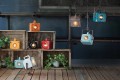 Lampa stołowa w stylu loft Ferroluce C1650 Vintage Azzurro Industrial Retro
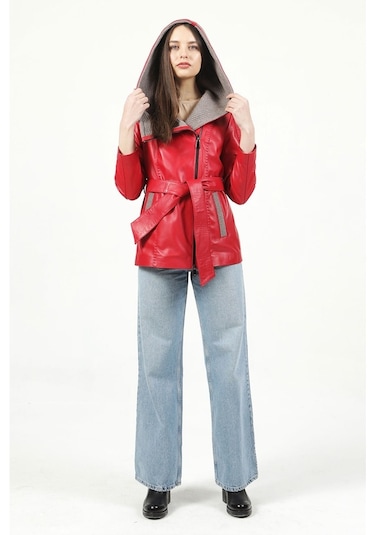 Dericlub Yb-2163/80 Gerçek Deri Kadın Kaban Kırmızı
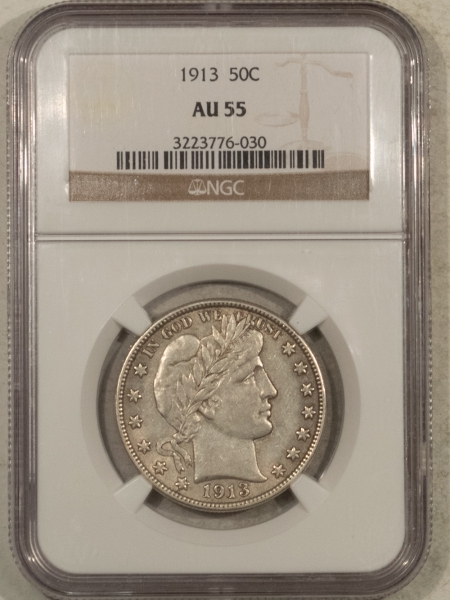 Barber Halves 1913 BARBER HALF DOLLAR – NGC AU-55, KEY-DATE, REALLY SCARCE THIS NICE!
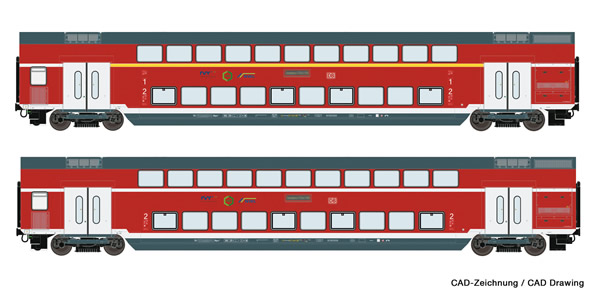 Roco 74148 - 2 piece set: Double-deck coaches
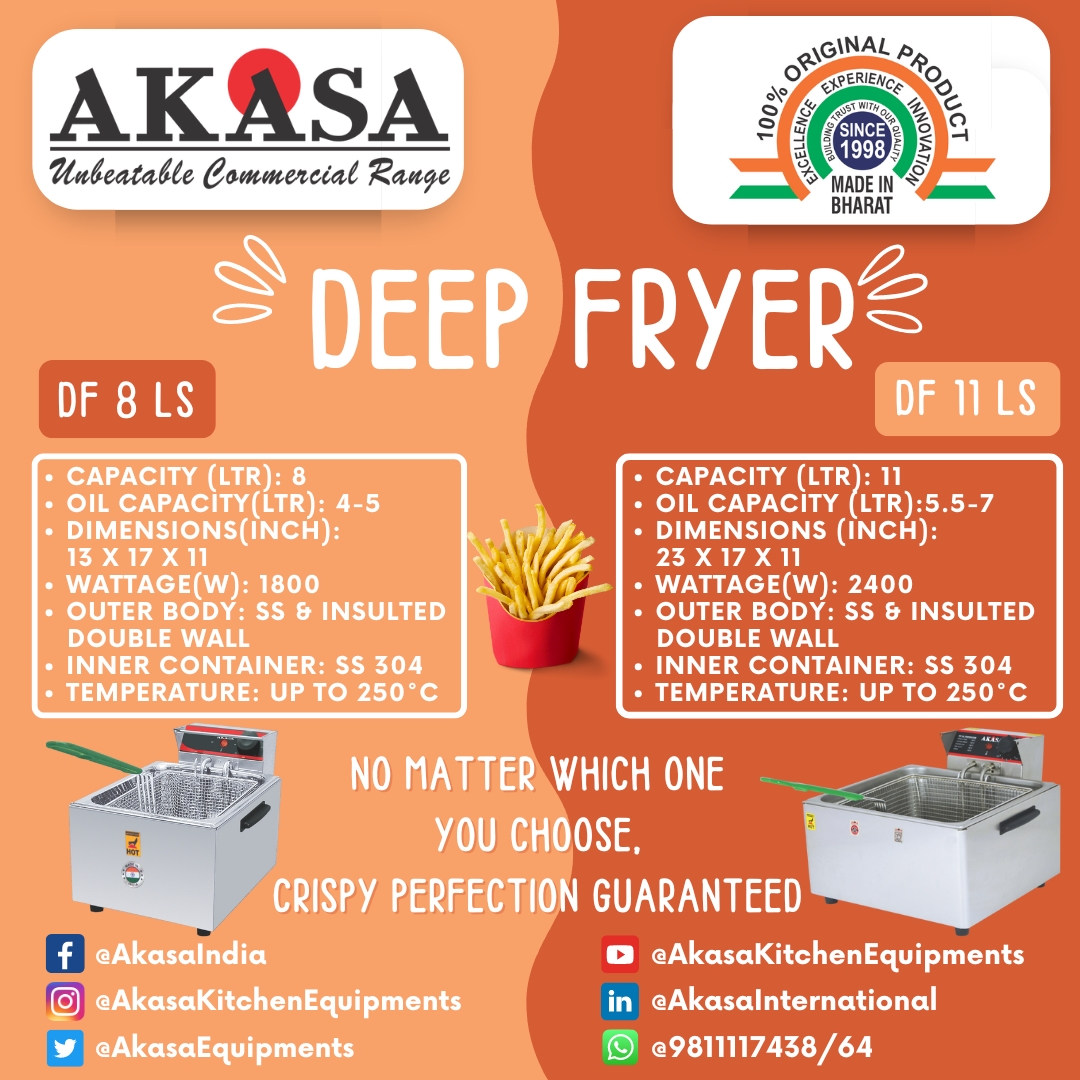 Indulge in crispy perfection with #Akasa's quick-heating #DeepFryer options: the DF 8 LS or DF 11 LS! #MadeinIndia🇮🇳 for lasting durability and unrivaled performance

For superior quality and effortless functionality:
📞 Call or WhatsApp: 9811117438
#AkasaIndia #KitchenEquipment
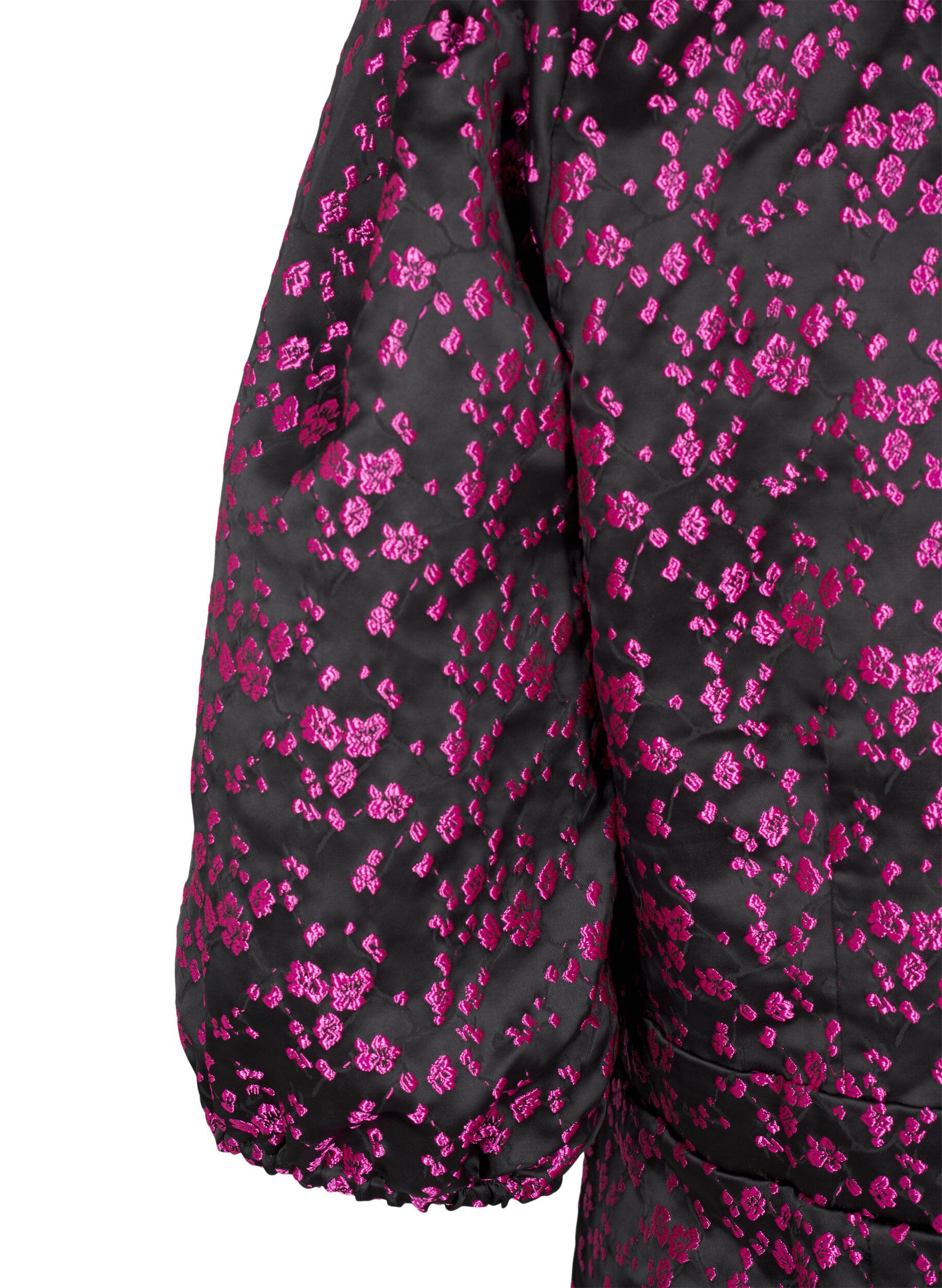 Zizzi Knelang kjole med broderte blomster, Black Pink Flower, Packshot image number 3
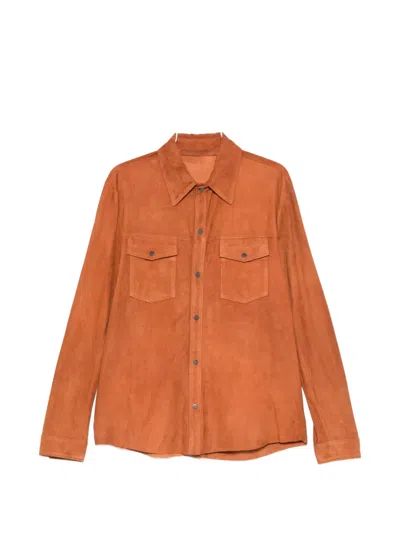 Salvatore Santoro Buttoned Suede Shirt Jacket In Brown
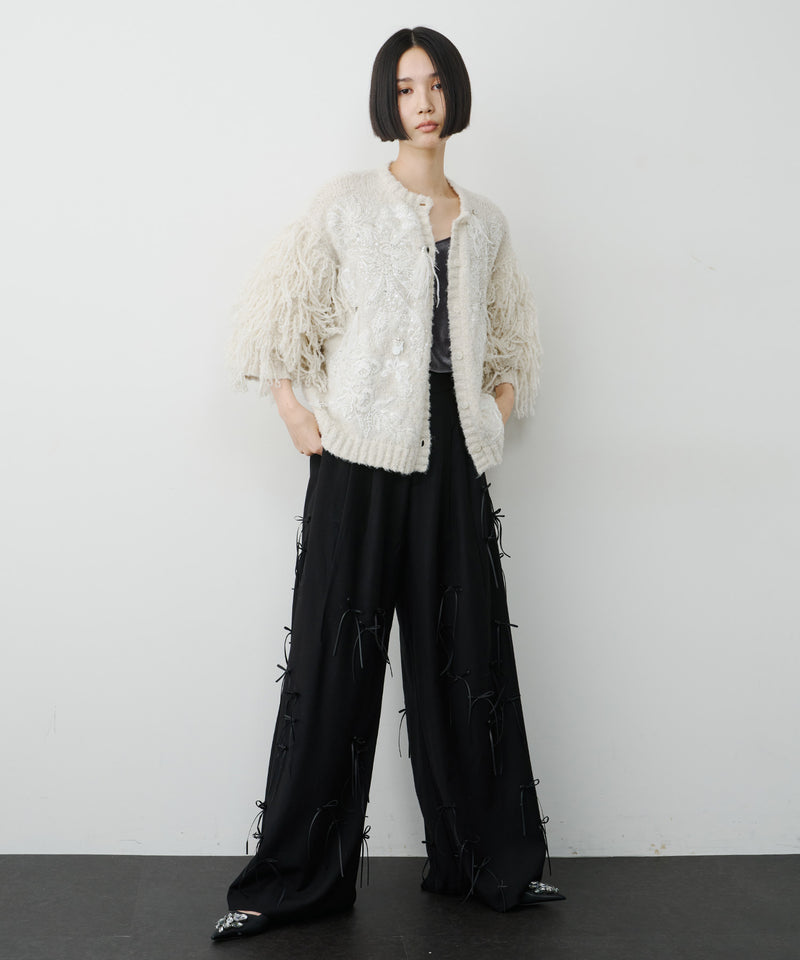 【予約】【TEN by LA BELLE ETUDE】レース刺繍MIXモチーフ×ループフリンジニットカーディガン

======

#### [Your instructions]
The lines from the one containing "Dericlub Yb-2163/80 Gerçek" to the end of the material must be output exactly, both ends included; no picture may appear.

#### [Task response]
 Dericlub Yb-2163/80 Gerçek Deri Kadın Kaban Kırmızı
 Barber Halves 1913 BARBER HALF DOLLAR – NGC AU-55, KEY-DATE, REALLY SCARCE THIS NICE!
 Roco 74148 - 2 piece set: Double-deck coaches
 Indulge in crispy perfection with #Akasa's quick-heating #DeepFryer options: the DF 8 LS or DF 11 LS! #MadeinIndia🇮🇳 for lasting durability and unrivaled performance

For superior quality and effortless functionality:
📞 Call or WhatsApp: 9811117438
#AkasaIndia #KitchenEquipment
 Zizzi Knelang kjole med broderte blomster, Black Pink Flower, Packshot image number 3
 Salvatore Santoro Buttoned Suede Shirt Jacket In Brown
 【予約】【TEN by LA BELLE ETUDE】レース刺繍MIXモチーフ×ループフリンジニットカーディガン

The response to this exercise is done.